DATA RECORDS:
───

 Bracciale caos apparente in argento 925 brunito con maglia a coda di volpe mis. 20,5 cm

───

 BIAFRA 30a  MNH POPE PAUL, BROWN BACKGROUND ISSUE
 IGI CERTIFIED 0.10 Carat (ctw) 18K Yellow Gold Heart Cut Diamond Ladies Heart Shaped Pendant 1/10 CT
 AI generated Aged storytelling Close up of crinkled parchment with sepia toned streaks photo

───

WHAT YOU ARE ASKED TO DO: Above are the entries. Output exactly the lines beginning with the line that has "BROWN BACKGROUND ISSUE" and ending with the line that has "AI generated Aged".

RESULT OF THIS TASK:
 BIAFRA 30a  MNH POPE PAUL, BROWN BACKGROUND ISSUE
 IGI CERTIFIED 0.10 Carat (ctw) 18K Yellow Gold Heart Cut Diamond Ladies Heart Shaped Pendant 1/10 CT
 AI generated Aged storytelling Close up of crinkled parchment with sepia toned streaks photo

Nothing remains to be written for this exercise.